## TASK ITEM
Only the stretch of the listing below that runs from the line with "FILET DE CANARD" through the line with "Load image into" is to be printed, exactly and with both ends.

## INPUT
+ + + + + + +
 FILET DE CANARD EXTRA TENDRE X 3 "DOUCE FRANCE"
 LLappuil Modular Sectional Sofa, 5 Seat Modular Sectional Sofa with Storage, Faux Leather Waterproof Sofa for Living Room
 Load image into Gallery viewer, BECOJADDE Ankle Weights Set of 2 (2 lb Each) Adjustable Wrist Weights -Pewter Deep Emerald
+ + + + + + +
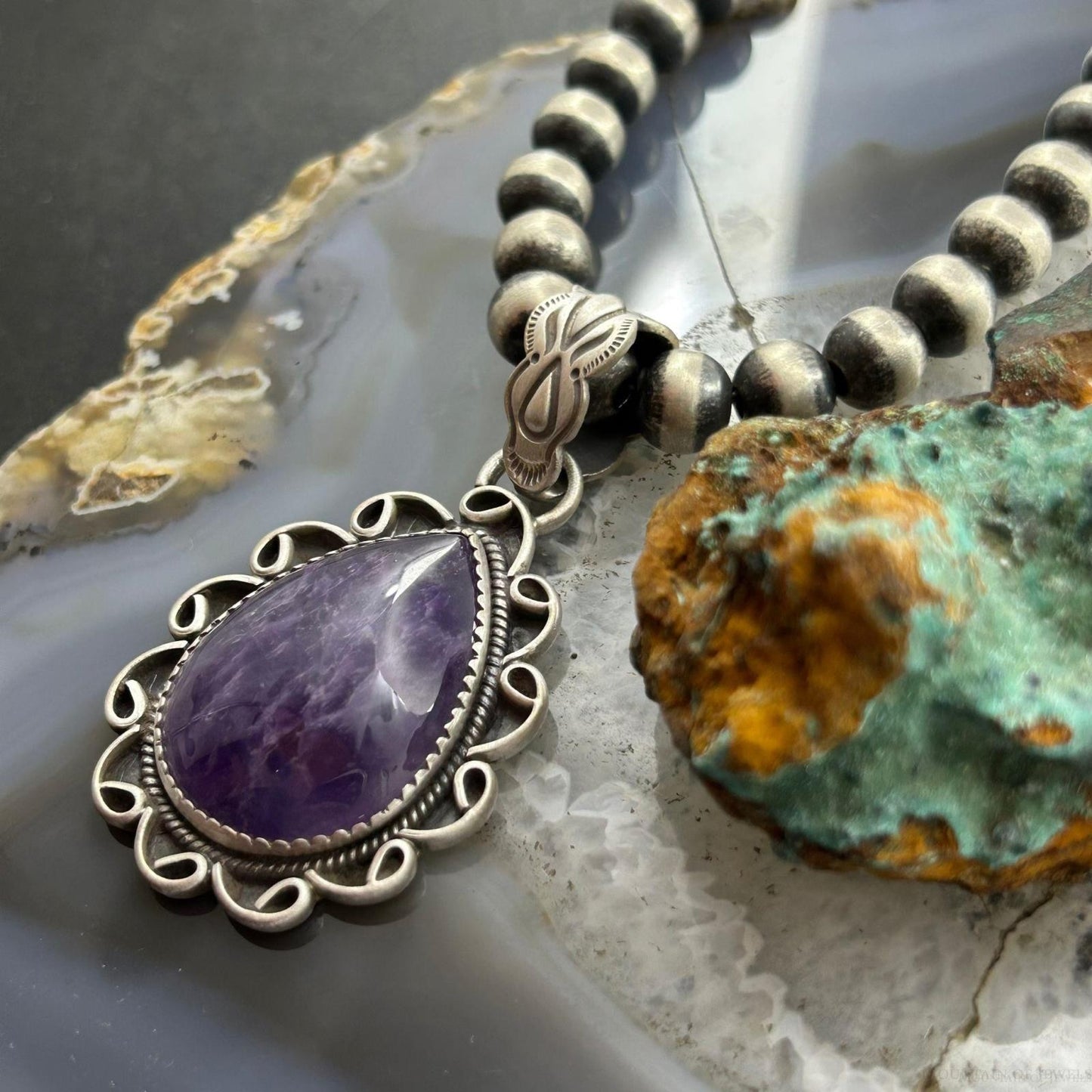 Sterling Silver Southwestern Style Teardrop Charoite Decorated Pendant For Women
+ + + + + + +
## OUTPUT FOR THIS EXERCISE
 FILET DE CANARD EXTRA TENDRE X 3 "DOUCE FRANCE"
 LLappuil Modular Sectional Sofa, 5 Seat Modular Sectional Sofa with Storage, Faux Leather Waterproof Sofa for Living Room
 Load image into Gallery viewer, BECOJADDE Ankle Weights Set of 2 (2 lb Each) Adjustable Wrist Weights -Pewter Deep Emerald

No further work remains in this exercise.